Your task: Below is a listing to write out in full, exactly as given, without its pictures.

Data below:

● ● ●

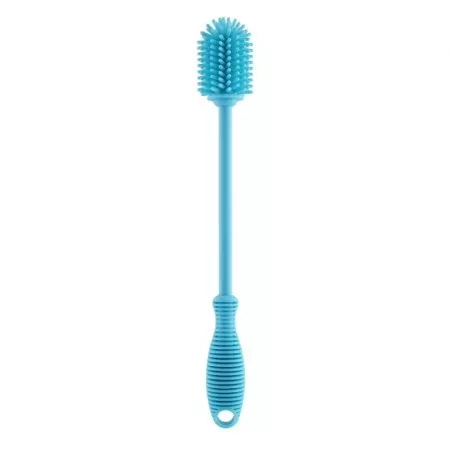 Chicco Silikonowa szczotka do butelek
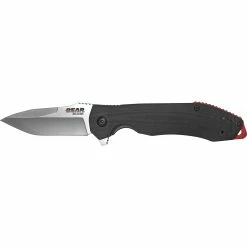 Buy 🛒 Bear & Son Cutlery Bear Edge 61122 G10 Handle Framelock Flipper Knife ✔️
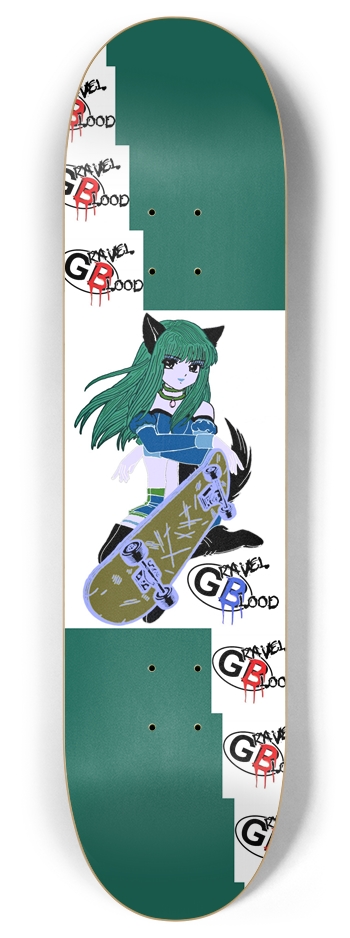 8.0 Gravel Blood 002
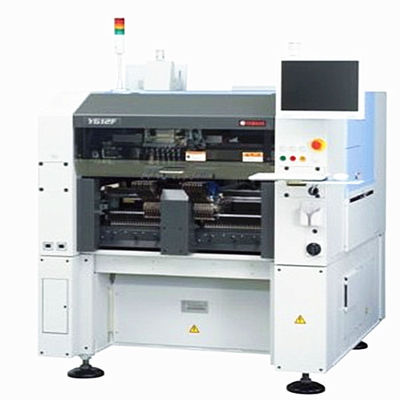 SMT yamaha chip mounter YG12 pcb pick and place machine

● ● ●

Written response:
 Chicco Silikonowa szczotka do butelek
 Buy 🛒 Bear & Son Cutlery Bear Edge 61122 G10 Handle Framelock Flipper Knife ✔️
 8.0 Gravel Blood 002
 SMT yamaha chip mounter YG12 pcb pick and place machine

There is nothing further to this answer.